Özsaygısını yitirmiş kişiler, kendilerinden üst mevkilerdeki insanlarla yan yana durmaktan kaçınır. İmaj değiştirme çabalarıysa özsaygının onarılmasını mümkün kılmaz.
Her korku biçimi kendine özgü yeni savunma mekanizmalarını yaratır ve savunmalar bir koruma ağını oluşturur. Şimdi bu bağlamda size iki soru soracağım; niçin insan anlaşılmaktan korkar? Neyin anlaşılmasından korkar ve anlaşılma durumunda korktuğu şey nedir? İlk soruyu verdiğim örnekteki vaka da anlaşılacağı gibi kişinin bir sınama durumunda açığa vurulma korkusundan ötürü öfkelenmesi ve korku içinde saldırgan bir konum alması idi. İkinci durumu ve soruyu yanıtlamak için, koruyucu davranıştan gelen bir başka korkuyu saygısızlık, küçük düşürülme ve alaya alınma korkusunu ele almamız gerekli olacaktır. Küçük düşürülme korkusu yaralı ve acı çeken özsaygı duygusunun varlığından kaynaklanmaktadır. Diğer bir deyişle zayıflayan özsaygı aşağılık duygusuna ve hatta kompleksine yol açmaktadır. Burada kişi her ne kadar kadar imaj tazelemeye yönelik çalışsa da yaralı olan özsaygının bu yolla onarılmasını mümkün kılmaz ve bu tür çabalar özsaygıya derinlemesine bir yara açacağı kesindir.

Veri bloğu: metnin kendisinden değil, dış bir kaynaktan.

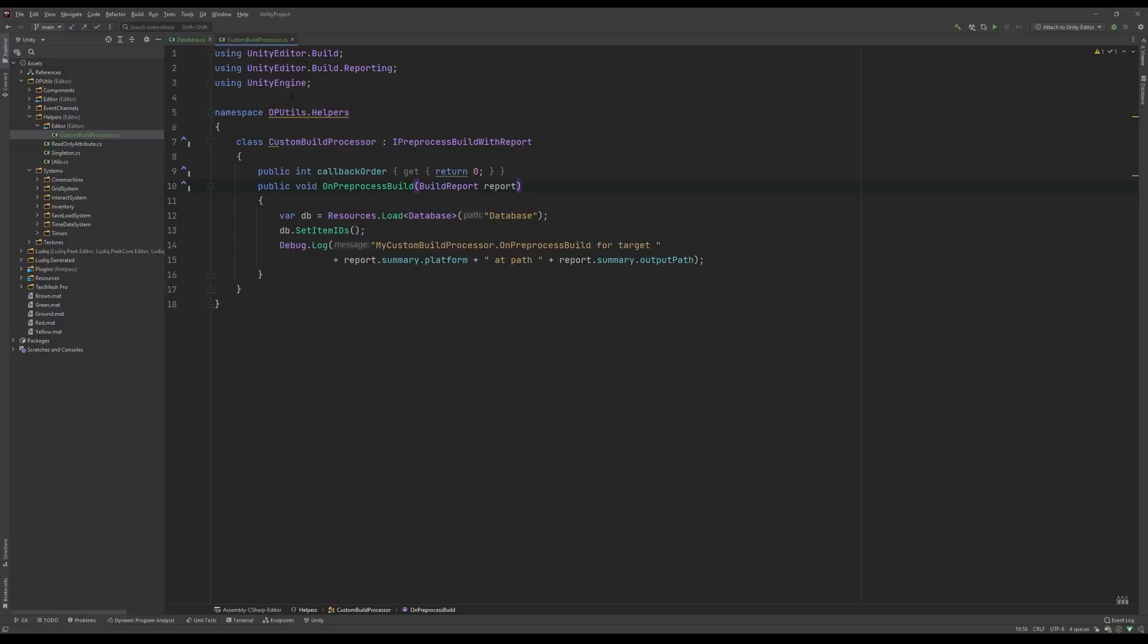So you can see here, this is using UnityEditor.Build.Reporting and using UnityEngine. I've got it in its custom namespace, and I've just called it CustomBuildProcessor. As you can see, it implements IPreprocessBuildWithReport.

SALDIRGANLIK... Gerçekçi bir özsaygı düzeyi düşerken, gerçek dışı ve yanlış bir gurur sürekli bir yükselişe geçmeye başlar. Genel olarak bu tür vakalarda sıkça rastlanan olgunun kişinin kendisine bir düşman bile kazandığı ve bu bağlamda öz benlik çerçevesinde oluşan saldırganlık meşrutiyetlik kazanır. Bu tür insanlar başkalarından bir şey bekleme ve kendine yüksek amaçlar saptamaya cesaret edemezler. Herhangi bir konuda kendilerinden daha üstün gözüken insanlara yaklaşmaya onların yanında yeti ve becerilerini ortaya koymaya korkularından ötürü yeltenemezler. Tanımladığım bu korkulardan ötürü benzer yoğunlukta yaşanan değişim korkularıdır. Değişim ve değiştirme korkularının nedeni kişinin daha kötü bir duruma geleceği korkusudur.